22 Le syndicalisme est toujours à la fin la trahison de la politique: qu'il s'agisse des travailleurs intermittents de l'industrie du spectacle et du divertissement de masse ou qu'il s'agisse de n'importe quels travailleurs - de ceux du textile, par exemple, encore que, à la différence de ceux-là, ceux-ci n'aient pas à redouter les effets de quelque délocalisation que ce soit. La crainte n'a pas encore réellement percé, en effet, que des travailleurs de l'industrie du spectacle et du divertissement de masse "étrangers" puissent venir occuper les emplois des travailleurs de l'industrie du spectacle et du divertissement de masse "français"; nul doute, d'ailleurs, si cela devait se produire, qu'on en appellerait alors solennellement à l'exception culturelle française.
23 En d'autres termes, les travailleurs intermittents de l'industrie du spectacle et du divertissement de masse disent, pour leur part: pourquoi alléguer encore les anciennes raisons de faire du théâtre s'il n'est plus possible d'en faire qu'en les oubliant?
Ce qu'on peut traduire ainsi, pour la nôtre: que le théâtre meure si c'est la condition pour qu'on vive indéfinitivement du théâtre!

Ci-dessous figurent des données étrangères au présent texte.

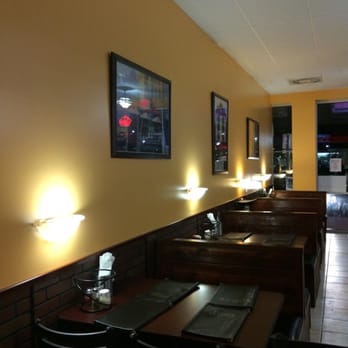 Jenk's Pizza - Beautiful art work on the walls and nice brick walls! - Pizza Near Me - St Johns, Florida Jenk's Pizza - Beautiful art work on the walls and nice brick walls! - Pizza Near Me - St Johns, Florida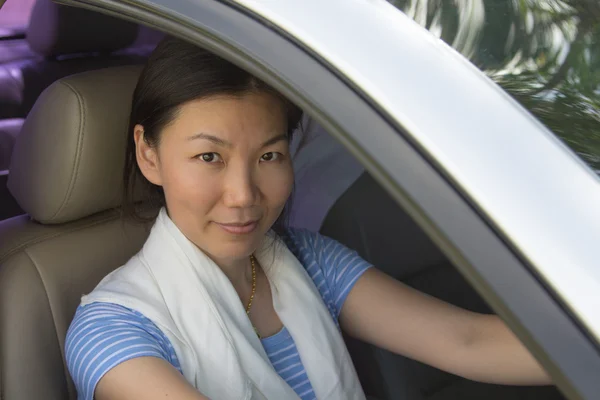 Mujer sonriente sentada en el coche — Foto de Stock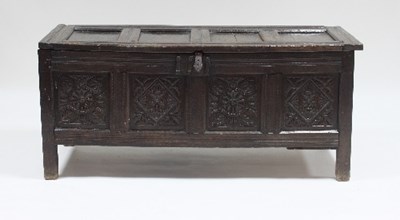 Lot 591 - A 17th Century oak chest, the four-panel top...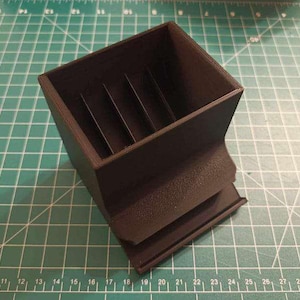 May include: A black plastic dice tower with a rectangular base and a square top. The tower has a series of slots on the inside to guide the dice down.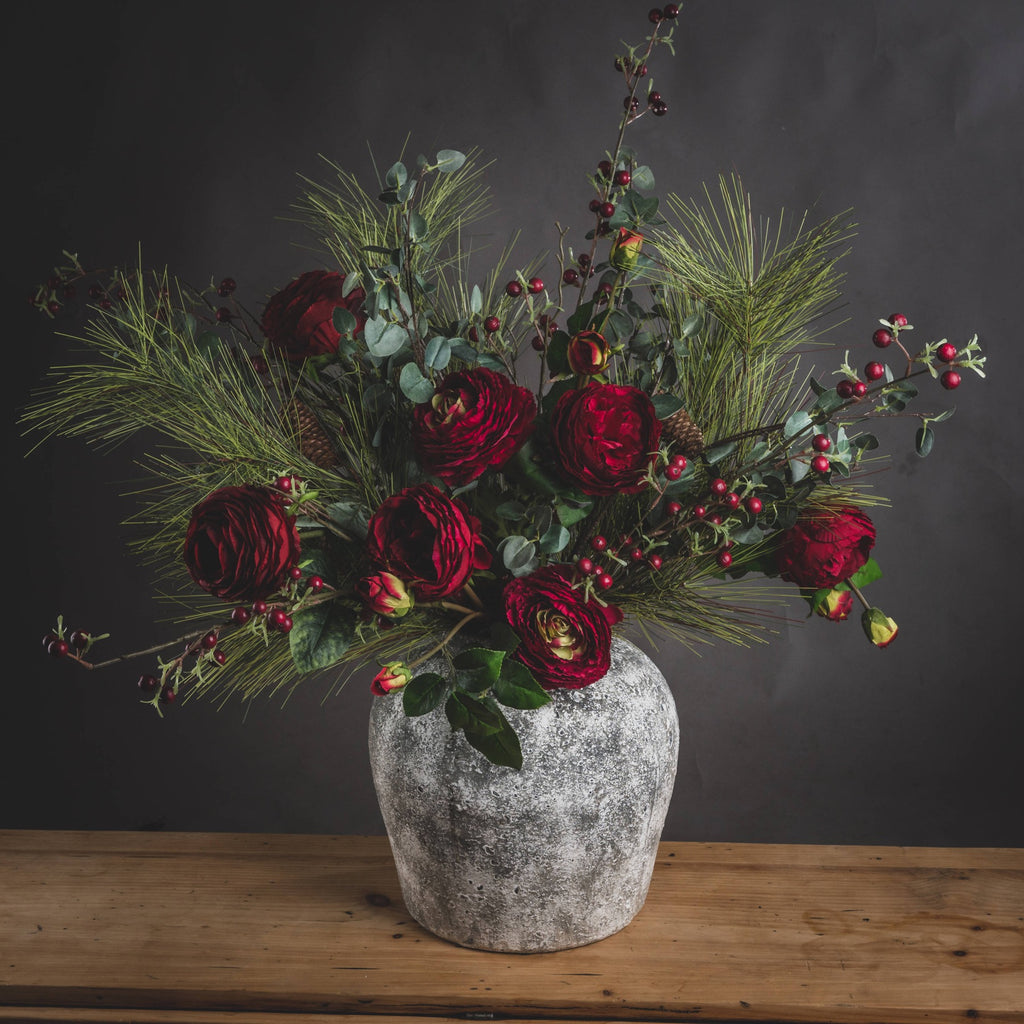 Cassis Aged Stone Vase with flowers on a wooden tabletop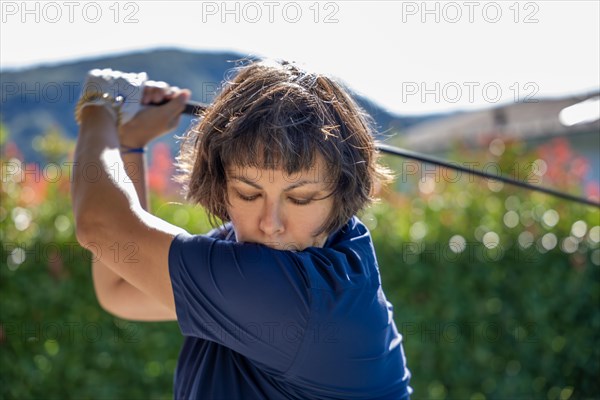 Front View on a Female Golfer Making a Golf Swing in a Sunny Day in Switzerland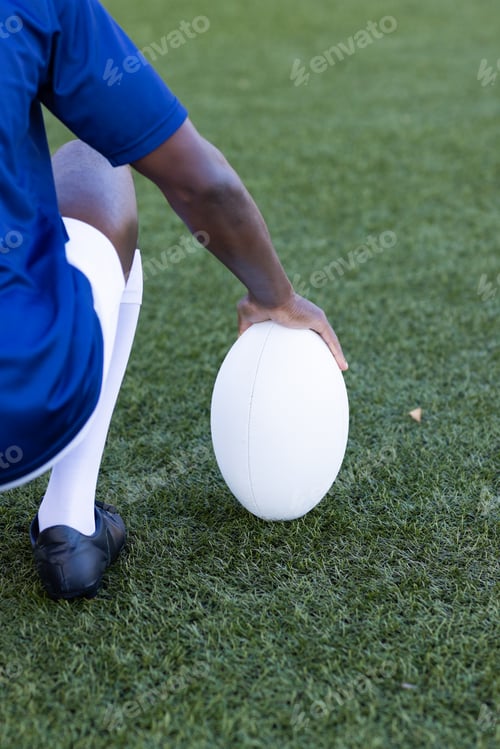 Preview: African American young male athlete holding a rugby ball on field outdoors on grass, copy space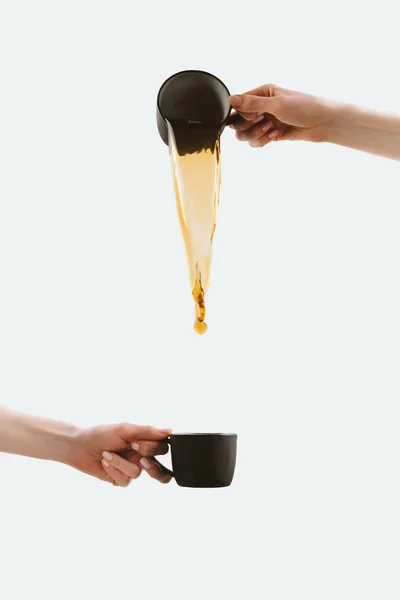 Vista ritagliata delle mani versando caffè da una tazza all'altra, isolato su bianco — Foto stock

24 Parce que, bien sûr, il n'y a rien comme ce qu'on a appelé il y a longtemps le "théâtre" qui pourra survivre à l'économisme auquel on veut qu'il s'accommode. Lequel économisme n'est aucunement économique, au sens entendu du terme. On ne demande rien au théâtre en soi: pas même d'être rentable - surtout pas d'être rentable ( on aurait tort de le prétendre). On veut bien que le théâtre continue de constituer la dépense qu'il a toujours été, une dépense somptuaire, mais à la condition qu'il génère les bénéfices secondaires (nuitées, couverts, etc) auxquels il n'est désormais pas moins soumis que, par exemple, un parc d'attractions. De ce point de vue, une fête du cidre, une journée de la bourrée, un stage de rempaillage, une randonnée pédestre, un vide-greniers, un concours de scrabble, un son et lumière, une reconstitution historique, etc sont en tout point identiques à: un concert de rock, un festival de jazz, une "folle journée musicale", un "marathon du livre". Ils constituent une économie sporadique intégrée à une économie durable, dont les succès nourriront ou non la prospérité générale.
(A un débat récent portant pour titre: "culture publique. La politique culturelle française " est invité un directeur adjoint "chargé de la culture, de l'environnement, de la jeunesse et des sports et du tourisme du conseil régional de...". Ce titre pléthorique dit avec exactitude que c'est aujourd'hui la même chose, du point de vue des administrations nationales et territoriales, que : laculture, l'environnement, la jeunesse, les sports et le tourisme. On ajoutera bientôt: le développement.)